The dataset used in our analysis was obtained from the UC Irvine Machine Learning Repository, a popular website with hundreds of datasets available for analysis. The creators of the dataset are C. Sakar and Yomi Kastro, and the original dataset can be obtained at [Sakar and Kasto, 2018] link.

Each row in the dataset contains a feature vector that contains data corresponding to a visit “session” (period of time spent) of a user on an e-commerce website. The dataset was specifically formed so that each session would belong to a unique user over a 1-year period. The total number of sessions in the dataset is 12,330.

Examples of features included in the dataset are:

  • Duration (time) spent on Administrative, Informational, or Product related sections of the website.
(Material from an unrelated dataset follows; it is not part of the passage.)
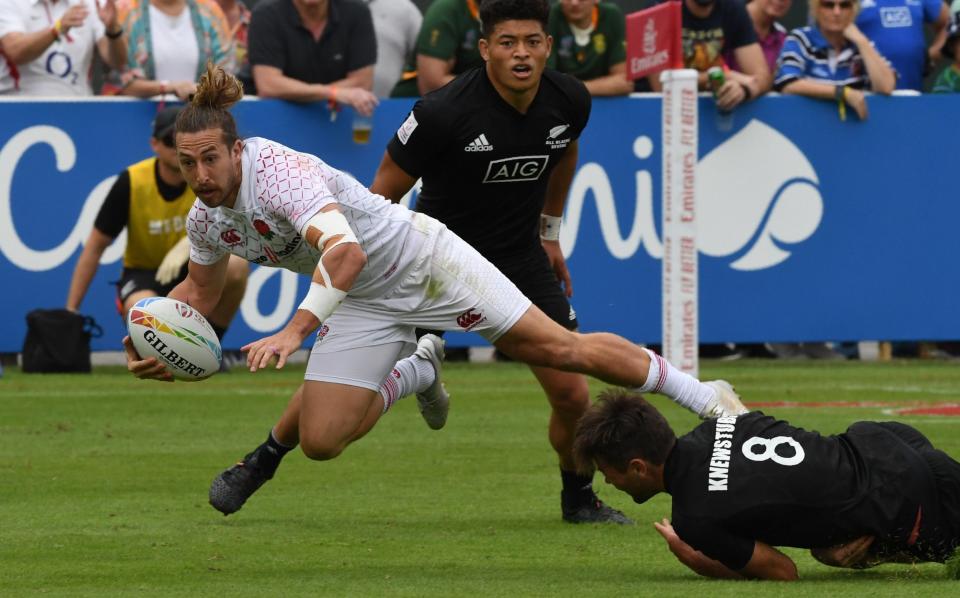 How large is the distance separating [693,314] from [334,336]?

  • Data from Google Analytics such as bounce rate, exit rate, and page value.

  • What month the session took place it, and whether or not the day of the session falls on a weekend.

  • The operating system and browser used by the website visitor.

The target feature and class label in the dataset is called Revenue and contains either a True or False value, which correspond to whether or not the user made a purchase on the website during their visit, respectively. It is worth noting that the dataset is unbalanced, as 85% of the sessions contain a False class label, with the remaining 15% containing a True label.

Data Cleaning & Feature Engineering

The dataset has good data quality in general. It is in a tidy format [Wickham, 2014], and does not contain NULL values. There are some minor issues with outliers, but we have decided not to handle them.

Feature engineering is done to capture feature interactions, and aggregating common features. In particular, we want to capture possible feature interactions with PageValues, which we think is important for this problem. Table 1 list some of our new features:

Feature Name

Description

total_page_view

Sum of page views from Administrative, Informational, ProductRelated pages

total_page_duration

Sum of page durations from Administrative, Informational, ProductRelated pages

product_view_percent

Percentage of ProductRelated page views

product_dur_percent

Percentage of ProductRelated page durations

ave_product_duration

Average duration per page for ProductRelated pages

page_values_x_bounce_rate

PageValues \(\times\) (1 - BounceRates)

page_values_per_product_view

PageValues per ProductRelated page views

page_values_per_product_dur

PageValues per ProductRelated page durations

Table.1 - New features generated

Bibliography

Bre01

Leo Breiman. Random forests. Machine learning, 45(1):5–32, 2001.

SK18

Sakar, C. and Yomi. Kasto. UCI machine learning repository. Computing in Science \\& Engineering, 2018.

Wic14

Hadley Wickham. Tidy data. Journal of statistical software, 59(1):1–23, 2014.